Would you please copy the part of the material below that opens with the line containing "Preview for 12 page of cecotec 43347 Manual" and closes with the line containing "Maison Margiela Caps"? Copy it exactly, and only it.

RECORDS SUPPLIED:
.....
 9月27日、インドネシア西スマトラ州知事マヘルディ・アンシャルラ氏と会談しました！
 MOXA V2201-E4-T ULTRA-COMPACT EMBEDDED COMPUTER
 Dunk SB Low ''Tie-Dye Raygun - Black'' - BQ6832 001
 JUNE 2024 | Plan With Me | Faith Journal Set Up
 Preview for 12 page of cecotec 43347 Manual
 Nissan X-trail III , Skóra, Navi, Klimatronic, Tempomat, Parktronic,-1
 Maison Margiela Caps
.....
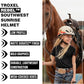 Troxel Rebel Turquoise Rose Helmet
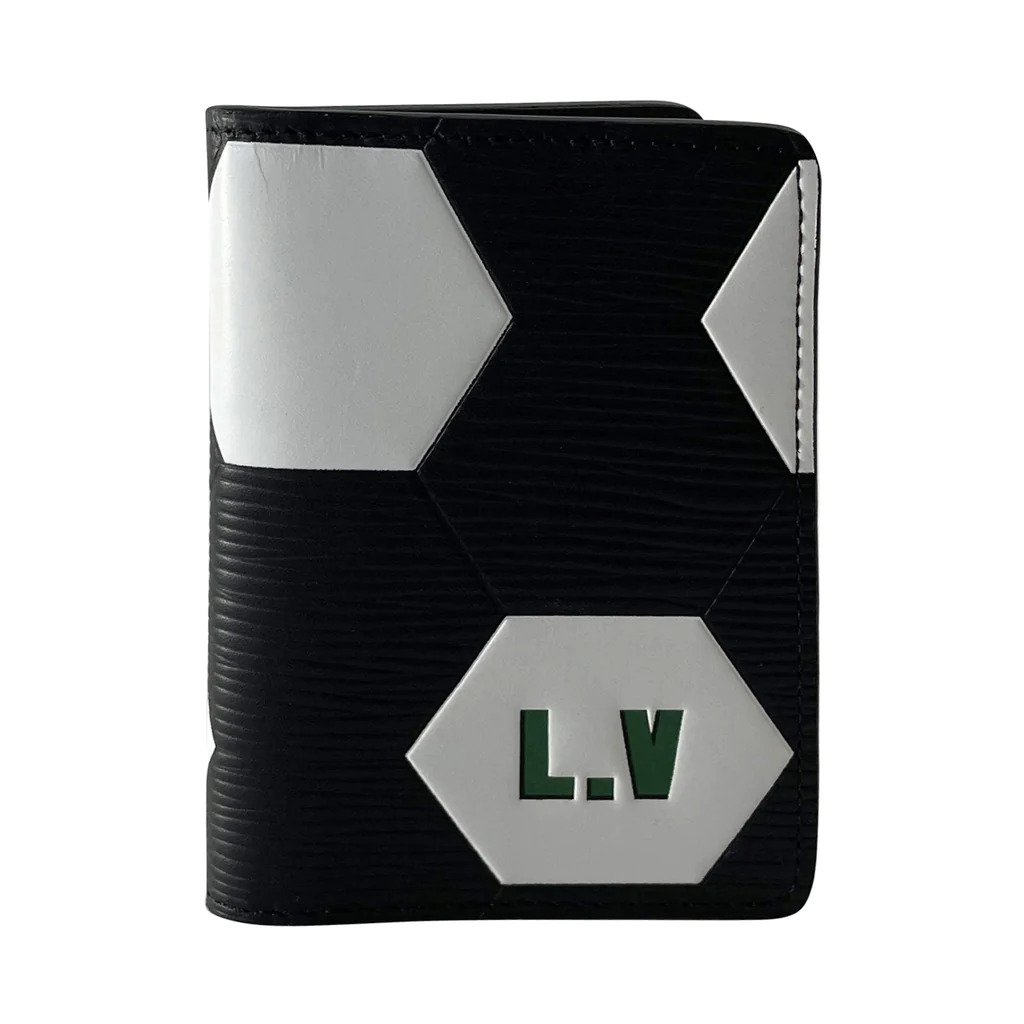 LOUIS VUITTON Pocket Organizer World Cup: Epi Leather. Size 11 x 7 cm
.....
THE ANSWER:
 Preview for 12 page of cecotec 43347 Manual
 Nissan X-trail III , Skóra, Navi, Klimatronic, Tempomat, Parktronic,-1
 Maison Margiela Caps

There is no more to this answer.